The experimental expression of C_b should be also changed from Equation (15) to Equation (22) where k₃ and k₄ are two additional fitting parameters related to the back-gate voltage, as follow:

$$C_b=\frac{C_1+k_{1}t+k_3{V}_{soi2}+k_4{V}_{soi2}t}{1+e^{k_2(t-t_{cb})}},$$

(22)

The comparison between the TCAD simulation results and the SPICE model of the bipolar current of the total SET current has been shown in Figure 13 and Figure 14, respectively.

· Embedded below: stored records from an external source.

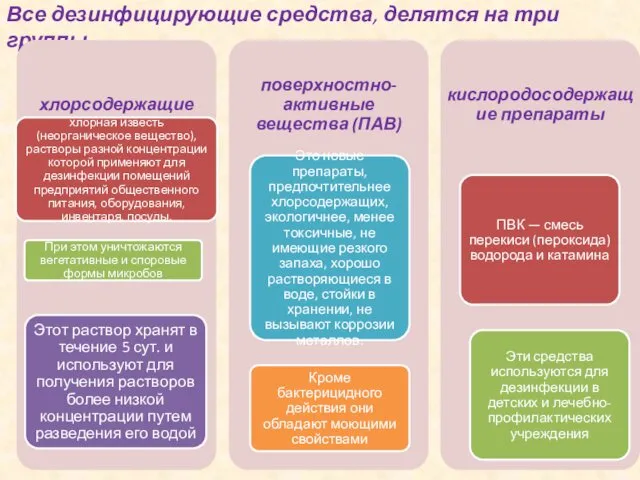 Все дезинфицирующие средства, делятся на три группы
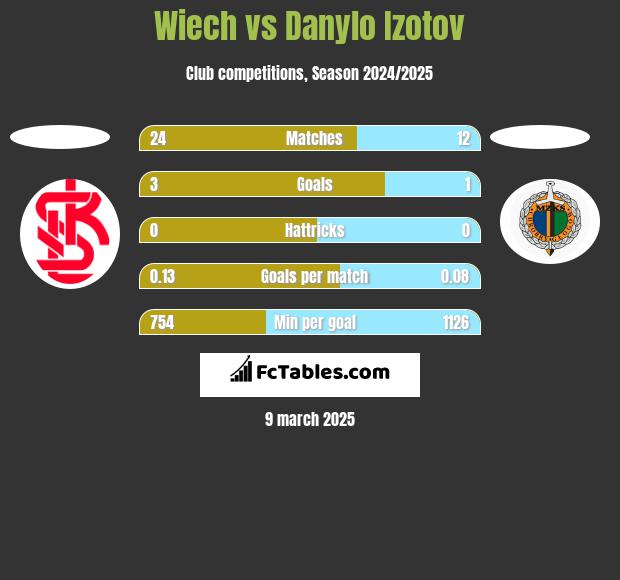 Wiech vs Danylo Izotov h2h player stats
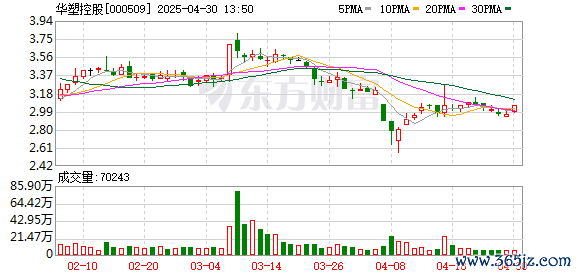 配资炒股推荐几个网站 华塑控股一季度归母净利润83万元 同比增长169.5%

It should be noted that in the normal state, the threshold voltage of the FDSOI MOSFET is coupled with the back-gate voltage [17]. However, this coupling relationship is not adopted in this SET current model because with the high ionized charge concentration, the direct effect of the back-gate voltage on the front surface potential of the device will be screened. The energy change of the conduction band by the heavy ion strike does not mainly happen at the front gate surface but within the whole silicon film. Under this condition, the back-gate voltage affects the threshold voltage of the device by strengthening or weakening the body potential generated by the net charge.

5. Conclusions

This paper presents a modeling approach for the SET current of FDSOI devices. It consists of presenting and analyzing each of the three components in the time domain. An RC circuit model, with boundary conditions, was used to simulate the prompt current and the solution of the diffusion function. In the bipolar current model, an experimental capacitance expression was used to transform the total net charge in the body into the body potential V_b. The change in the body potential was transformed into the change of the threshold voltage in the integrated BSIMSOI model to simulate the bipolar amplification effect.

An improved model, taking the back-gate voltage into account, has been presented by adjusting the expression of the voltage source in the prompt current model and the experimental expression of the capacitance in the bipolar amplification current model.